Practicing across fine arts, curation, and historical research, Hawkins was previously hesitant to view her practices and careers as interlocking. That’s changed today. By untangling her longstanding interdisciplinary practices, this presentation of works from the 70s and 80s highlights how Hawkins creates political and social possibility through abstraction.
Hawkins describes her scholarship as a “recovery project,” and her abstract paintings and pastels synthesize references from ancient hieroglyphics to mathematics to astronomy within her own painterly language. STARS will present three bodies of work that informed one another as Hawkins progressed as an artist. With her mid-1970s pastels, she began analyzing and dissecting still lifes, distilling them to intersecting lines, eventually reaching a point where objects fell away, leaving instead a space for marks and symbols to express themselves.
In the nearly 7-foot-wide oil painting Menagerie of Players (1975–76), asemic gestures blur in and out of resolution as if moving through space, with depth almost mysteriously constructed by the layering of marks over washes of blues and oranges. In her paintings-on-paper—made over one summer on Long Island when she needed a portable method of working—gradations of complementary colors vibrate against one another, occasionally containing more legible geometric forms. For Hawkins, abstraction exists not on a painting’s surface, but serves to open up a sense of space and a mobile perspective.
Her mark-making process concentrates frenetically in Untitled (1985), a black painting shot through by jagged, flame-colored array of marks, as if one of Newman’s “zips” were erupting with signification for a reader of a language not yet born. As she explains, “The marks, symbols, and allusion to writing led viewers to believe that a message was embedded, that content simultaneously provided direction, depth, and movement into and out of the painting.” By bridging abstraction with history and form with gesture, Hawkins commits herself to “reinvent the real.”

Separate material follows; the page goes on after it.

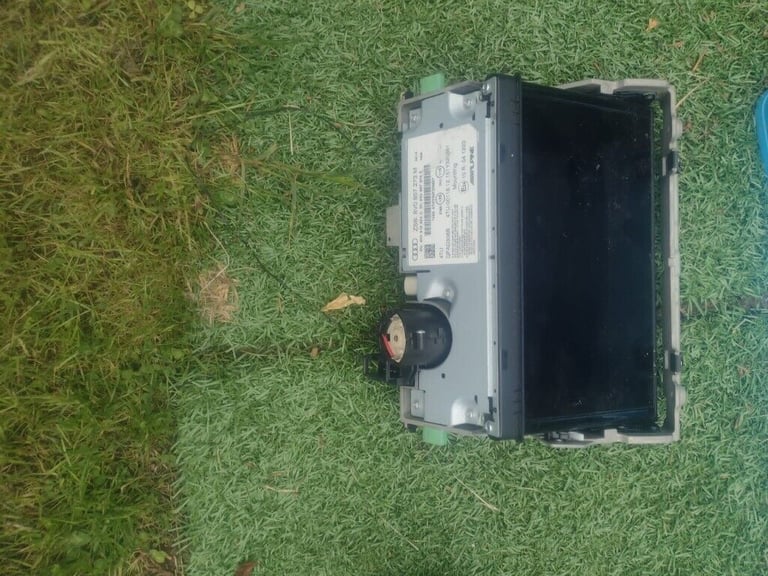 AUDI A3 8V MULTIMEDIA SCREEN SAT NAV DISPLAY FOLDING 8V0857273 M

Though many of these pastels, paintings-on-paper, and oil paintings have been away from the public eye for decades, this survey at Art Basel Miami Beach carries the momentum of her 2022 solo exhibition at STARS, Natural Things, which brought the artist back on the scene. Since then, Hawkins has been included in Karma’s Painting in New York: 1971–83 and MoMA’s Just Above Midtown. This Miami Beach presentation also lays the contextual groundwork for upcoming solo shows of new work at STARS, Los Angeles; Kaufman Repetto, Milan; and Paula Cooper Gallery, New York. Revisiting early works in ABMB’s Survey section offers insight into Hawkins’s complex and syncretic working method that influences her practice—and finds resonance in painting generally—to this day.
Cynthia Hawkins (b. 1950, Queens, New York) received a BA in painting from the Queens College, City University of New York in 1977 and an MFA from Maryland Institute College of Art in 1992. She has exhibited widely in New York and the Unites States throughout her career, and her one-person exhibitions include Cynthia Hawkins, Just Above Midtown, New York (1981); Cynthia Hawkins, Frances Wolfson Art Center, Miami (1986); New Works: The Currency of Meaning, Cinque Gallery, New York (1989); Selected Works: 1990–1996, Queens College Art Center (1997); Clusters: Stellar and Earthly, Buffalo Science Museum, Buffalo (2009); Natural Things, 1996–99, STARS, Los Angeles (2022); and Gwynfor’s Soup, or the Proximity of Matter, Ortuzar Projects, New York (2023). Hawkins’s work is in numerous public collections, including The Studio Museum in Harlem, New York; The Bronx Museum of the Arts, New York; Kenkeleba Gallery, New York; The La Grange Art Museum, Georgia; and the Department of State, Washington, D.C. She has received numerous awards, including the Helen Frankenthaler Award for Painting (2023); the Black Metropolis Research Consortium Fellowship (2009); The Herbert and Irene Wheeler Grant (1995); and the Brooklyn Museum Art School Scholarship (1972).